38. Jahrestagung der Deutschen Arbeitsgemeinschaft Selbsthilfegruppen e.V.
1. bis 3. Juni 2016 in Schwerin

Unter dem Motto „Von gestern nach morgen, von hier nach dort“ widmete sich die 38. Jahrestagung der Deutschen Arbeitsgemeinschaft Selbsthilfegruppen (DAG SHG) e.V. vom 1. bis zum 3. Juni 2016 in Schwerin dem demografischen Wandel und den damit verbundenen Herausforderungen für die Selbsthilfeunterstützungsarbeit. Denn Überalterung, Entvölkerung und kulturelle Vielfalt verändern auch die gemeinschaftliche Selbsthilfe in Deutschland.
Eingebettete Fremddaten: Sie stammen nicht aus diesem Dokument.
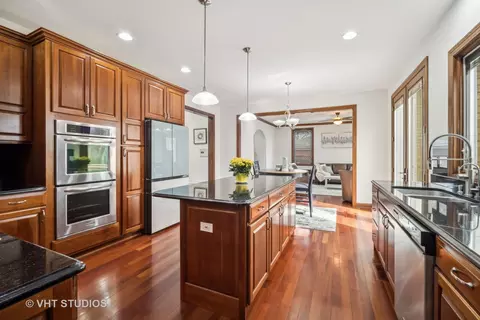 Kitchen - 1135 Castle Dr, Glenview, IL 60025 photo 4 of 5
In mehreren Arbeitsgruppen diskutierten rund 150 Akteure, Fachkräfte und Multiplikator/innen der Selbsthilfe und Selbsthilfeunterstützung über diese Entwicklungs- und Wandlungsprozesse.

Die Tagung wurde vom Bundesministerium für Familie, Senioren, Frauen und Jugend gefördert. In einem schriftlichen Grußwort würdigte Bundesfamilienministerin Manuela Schwesig (SPD) die "wertvolle Arbeit" der rund 300 Selbsthilfekontaktstellen in Deutschland. Als Fachverband der Selbsthilfeunterstützung forderte die DAG SHG e.V. aus Anlass der Tagung einen flächendeckenden Auf- und Ausbau dieser hauptamtlichen Selbsthilfeunterstützungsstrukturen in Deutschland.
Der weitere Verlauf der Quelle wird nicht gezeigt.